--- INPUT DATA Enclosed Below ---

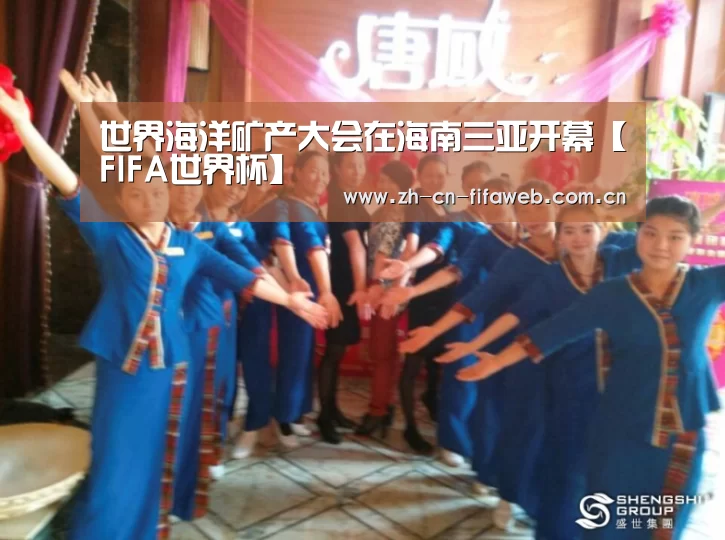 世界海洋矿产大会在海南三亚开幕【FIFA世界杯】(图2) 世界杯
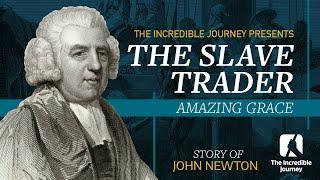 The Slave Trader – Amazing Grace (John Newton)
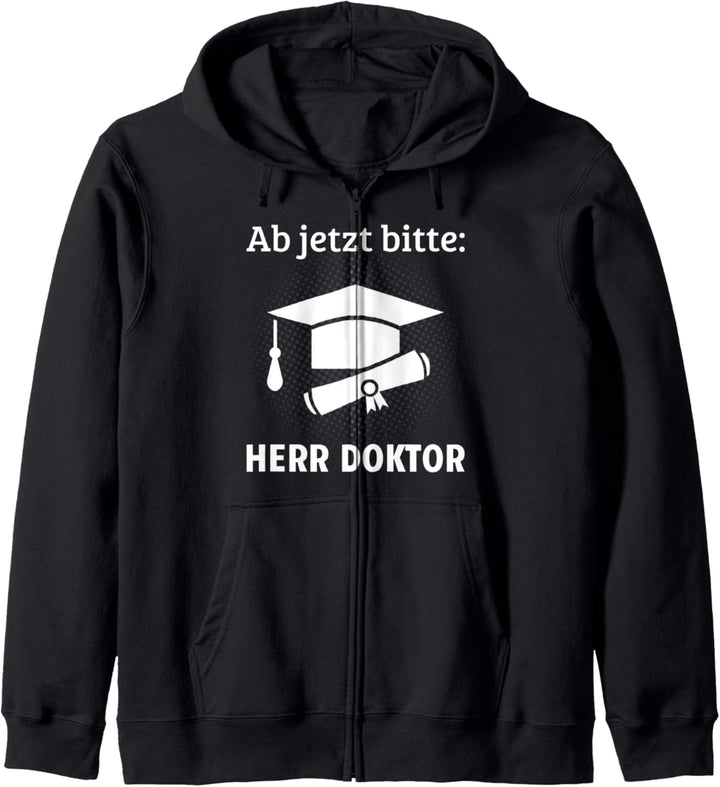 Ab jetzt bitte: Herr Doktor Doktorat Promotion Doktortitel Kapuzenjacke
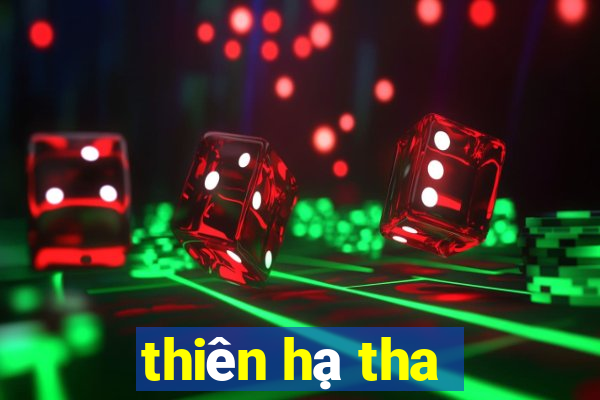 thiên hạ tha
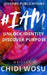 #Iam: Unlock Identity, Discover Purpose by Chidi Wosu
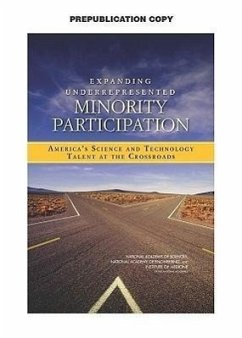 Expanding Underrepresented Minority Participation - Institute Of Medicine; National Academy Of Engineering; National Academy Of Sciences; Policy And Global Affairs; Committee on Science Engineering and Public Policy; Committee on Underrepresented Groups and the Expansion of the Science and Engineering Workforce Pipeline
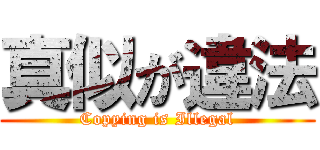 真似が違法 (Copying is Illegal)
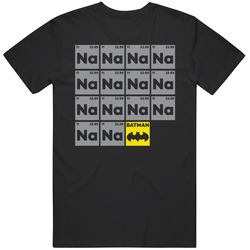 Na Na Batman Retro Title Song Periodic Table Funny Takeoff T Shirt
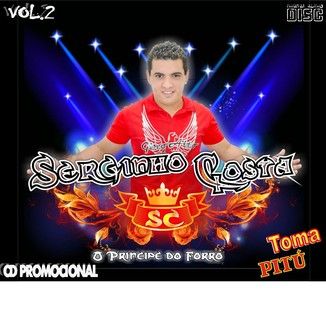 Foto da capa: CD VOL.2 Toma Pitu Tour 2016
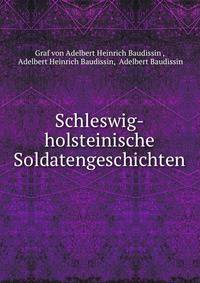 Schleswig-holsteinische Soldatengeschichten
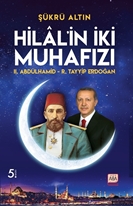 Hilal’in İki Muhafızı / II. Abdülhamid – R. Tayyip Erdoğan resmi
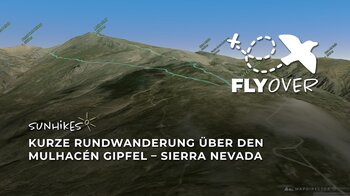 Auf den höchsten Punkt Spaniens: Kurze Mulhacén-Rundwanderung per 3D-Flyover (Sierra Nevada)
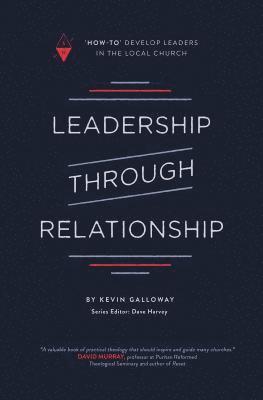 bokomslag Leadership Through Relationship: How-To Develop Leaders in the Local Church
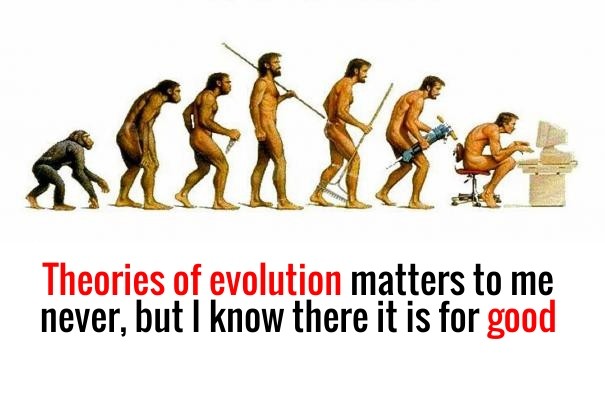 Theories of evolution matters to me Design 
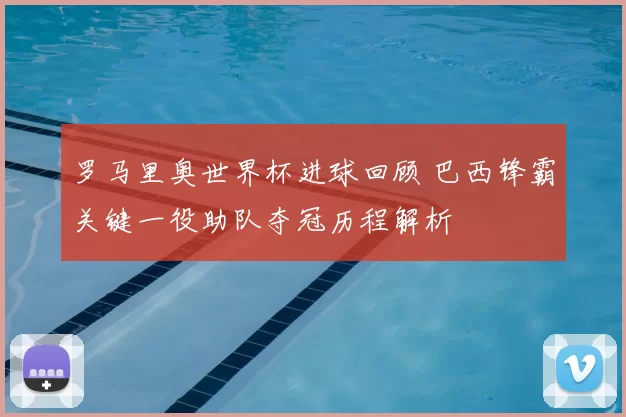 罗马里奥世界杯进球回顾 巴西锋霸关键一役助队夺冠历程解析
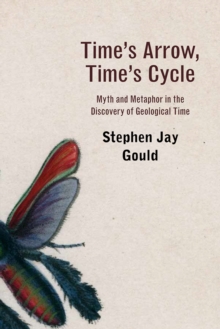 Image for Time's arrow, time's cycle: myth and metaphor in the discovery of geological time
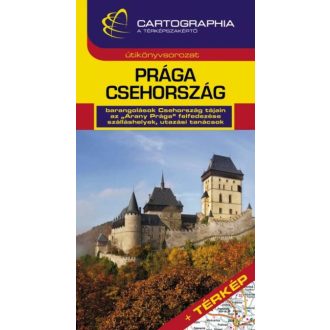 Prága - Csehország útikönyv (Horváth Tibor)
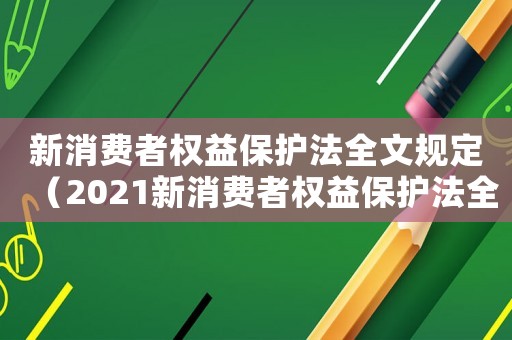 新消費者權(quán)益保護法全文規(guī)定（2021新消費者權(quán)益保護法全文解讀）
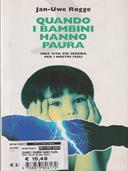 Quando i bambini hanno paura - Jan-Uwe Rogge - Libro Pratiche 1998, Nuovi saggi | Libraccio.it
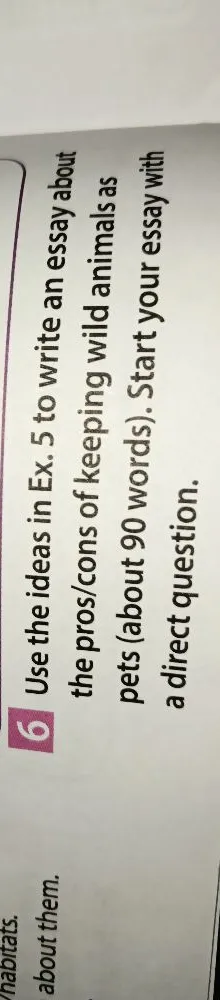 Use the ideas in Ex. 5 to write an essay about the pros/cons of keeping wild animals as pets (about 90 words). Start your essay with a direct question.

--- End of Enclosed INPUT DATA ---

■ **WHAT THE TASK REQUIRES**
Hand back the data above exactly, leaving out all pictures.

■ **RESPONSE**
 世界海洋矿产大会在海南三亚开幕【FIFA世界杯】(图2) 世界杯
 The Slave Trader – Amazing Grace (John Newton)
 Ab jetzt bitte: Herr Doktor Doktorat Promotion Doktortitel Kapuzenjacke
 thiên hạ tha
 #Iam: Unlock Identity, Discover Purpose by Chidi Wosu
 Expanding Underrepresented Minority Participation - Institute Of Medicine; National Academy Of Engineering; National Academy Of Sciences; Policy And Global Affairs; Committee on Science Engineering and Public Policy; Committee on Underrepresented Groups and the Expansion of the Science and Engineering Workforce Pipeline
 真似が違法 (Copying is Illegal)
 Na Na Batman Retro Title Song Periodic Table Funny Takeoff T Shirt
 Foto da capa: CD VOL.2 Toma Pitu Tour 2016
 Schleswig-holsteinische Soldatengeschichten
 Hilal’in İki Muhafızı / II. Abdülhamid – R. Tayyip Erdoğan resmi
 Auf den höchsten Punkt Spaniens: Kurze Mulhacén-Rundwanderung per 3D-Flyover (Sierra Nevada)
 bokomslag Leadership Through Relationship: How-To Develop Leaders in the Local Church
 Theories of evolution matters to me Design 
 罗马里奥世界杯进球回顾 巴西锋霸关键一役助队夺冠历程解析
 Image for Time's arrow, time's cycle: myth and metaphor in the discovery of geological time
 Prága - Csehország útikönyv (Horváth Tibor)
 新消費者權(quán)益保護法全文規(guī)定（2021新消費者權(quán)益保護法全文解讀）
 Quando i bambini hanno paura - Jan-Uwe Rogge - Libro Pratiche 1998, Nuovi saggi | Libraccio.it
 Use the ideas in Ex. 5 to write an essay about the pros/cons of keeping wild animals as pets (about 90 words). Start your essay with a direct question.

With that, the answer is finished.